Действие спектакля «Пасла коней на балконе» по сценарию режиссёра Иржи Гонзирека, Катарины Коишовой и Сабины Махачовой разворачивается в будущем, в 2238 году. К трём учёным-антропологам, полулюдям-полуроботам, которые исследуют человеческие останки с целью подтвердить легитимность господства нордической и балтийской расы, в один прекрасный день попадает тело женщины цыганского происхождения (а также останки её лошади), покончившей жизнь самоубийством в результате прыжка с высоты. Кое-кто из членов научной группы опасается, что если они будут продолжать исследования, то в наказание их ликвидируют путём списания, однако в конце концов побеждают любопытство и стремление к истине. Дело в том, что ход исследований и новые находки всё яснее свидетельствуют о том, что цыганский народ подвергся тотальному уничтожению. Однако общественно-политическая система будущего (названная здесь «Имперкаториумом»), так же как в других прославленных антиутопиях, настолько всеведуща и всемогуща, что такая дерзость не может сойти учёным с рук.
Антропологи № 228, № 113 и № 654 своими костюмами напоминают героев сериала «Звёздный путь». Не остаётся сомнений, что людьми они остаются уже лишь отчасти: движения и речь № 228 отличаются резкой механистичностью, № 113 неестественно вертится, попрыгивает и совершает акробатические трюки (и столь же безумно и аффектированно разговаривает), а № 654 постоянно щёлкает компьютерной мышью, к которой он подключён.
Официальная история, конечно же, рисует нелицеприятную и стереотипную картину жизни цыган, изобилующую историями о краже детей и о юбках с потайными карманами для ворованных кур. Документальная плоскость постановки не ограничивается одними лишь краткими экскурсами в историю цыганского народа, они чередуются, например, с цыганскими мифами или анекдотами типа: «Любой цыганский кулинарный рецепт начинается со слов «Украсть три яйца…» («рецепты» несведущие антропологи принимают за чистую монету). Осколки прошлого и связанной с ними истории геноцида учёным помогают связать воедино и разгадать личные материалы (дневники и т.п.), найденные у мёртвой женщины.
Хотя приём сдвига временных пластов подталкивает авторов к определённой обобщённости, осторожности и политкорректности (да, нехватка остроты характеризует, кажется, обе упомянутые постановки), но вместе с тем позволяет и взглянуть на современность со стороны и проявить косвенную, метафорическую ангажированность. Несмотря на некоторую суетливость исполнения, а местами и излишнюю дидактичность, спектакль демонстрирует чёткую картину мира, в котором расизм стал привычной практикой, «естественным средством самообороны».

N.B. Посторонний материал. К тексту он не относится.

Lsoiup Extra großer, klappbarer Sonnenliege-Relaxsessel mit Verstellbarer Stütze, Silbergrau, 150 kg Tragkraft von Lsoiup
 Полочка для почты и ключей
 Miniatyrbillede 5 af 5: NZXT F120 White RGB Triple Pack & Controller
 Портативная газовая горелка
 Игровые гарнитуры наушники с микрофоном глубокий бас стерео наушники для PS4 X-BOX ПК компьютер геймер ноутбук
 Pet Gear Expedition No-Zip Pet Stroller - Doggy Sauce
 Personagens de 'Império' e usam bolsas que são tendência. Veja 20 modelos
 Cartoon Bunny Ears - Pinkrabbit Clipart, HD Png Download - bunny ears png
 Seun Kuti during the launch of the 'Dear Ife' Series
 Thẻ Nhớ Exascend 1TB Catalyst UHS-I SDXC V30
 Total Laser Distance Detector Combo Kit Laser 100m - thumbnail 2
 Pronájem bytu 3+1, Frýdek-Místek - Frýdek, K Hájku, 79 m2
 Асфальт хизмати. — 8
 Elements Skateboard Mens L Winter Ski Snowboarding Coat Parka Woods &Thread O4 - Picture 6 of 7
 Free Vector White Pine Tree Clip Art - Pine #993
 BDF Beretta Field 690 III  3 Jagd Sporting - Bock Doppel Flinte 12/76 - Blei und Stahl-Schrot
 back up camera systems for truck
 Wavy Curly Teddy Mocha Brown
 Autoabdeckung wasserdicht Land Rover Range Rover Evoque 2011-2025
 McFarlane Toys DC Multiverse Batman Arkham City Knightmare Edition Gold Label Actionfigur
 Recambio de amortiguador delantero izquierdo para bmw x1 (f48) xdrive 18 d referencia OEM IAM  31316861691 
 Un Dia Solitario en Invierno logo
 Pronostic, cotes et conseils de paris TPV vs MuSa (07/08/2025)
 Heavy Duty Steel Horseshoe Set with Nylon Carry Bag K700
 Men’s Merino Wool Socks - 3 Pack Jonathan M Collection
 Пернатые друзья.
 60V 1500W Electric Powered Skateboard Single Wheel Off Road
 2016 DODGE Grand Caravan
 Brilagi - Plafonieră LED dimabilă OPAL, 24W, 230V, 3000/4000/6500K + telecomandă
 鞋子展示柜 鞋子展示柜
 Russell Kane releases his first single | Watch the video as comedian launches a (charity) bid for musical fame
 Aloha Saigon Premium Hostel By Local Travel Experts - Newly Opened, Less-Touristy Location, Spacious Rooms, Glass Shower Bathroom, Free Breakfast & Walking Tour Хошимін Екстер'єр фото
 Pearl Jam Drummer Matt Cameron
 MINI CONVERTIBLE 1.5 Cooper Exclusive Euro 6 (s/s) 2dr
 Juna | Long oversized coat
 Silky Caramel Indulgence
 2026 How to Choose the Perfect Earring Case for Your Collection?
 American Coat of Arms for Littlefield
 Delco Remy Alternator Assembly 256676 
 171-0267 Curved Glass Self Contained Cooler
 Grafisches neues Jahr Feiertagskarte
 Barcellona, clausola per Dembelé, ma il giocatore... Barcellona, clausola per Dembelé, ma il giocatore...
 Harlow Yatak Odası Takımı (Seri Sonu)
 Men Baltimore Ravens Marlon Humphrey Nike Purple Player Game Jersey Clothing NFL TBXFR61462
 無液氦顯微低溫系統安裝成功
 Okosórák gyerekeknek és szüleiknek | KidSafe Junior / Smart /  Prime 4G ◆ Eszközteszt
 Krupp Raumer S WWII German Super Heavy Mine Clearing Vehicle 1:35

Упомянутые тексты отличаются по жанру, равно как отличаются и их сценические обработки. Однако у них всё же есть нечто общее — они рассматривают человека в рамках общественно-политической системы и приходят к выводу, что перед лицом этого колосса человек слаб и беззащитен. Не важно, капитализм или расизм, сверху он или снизу — человеку всё равно не выстоять.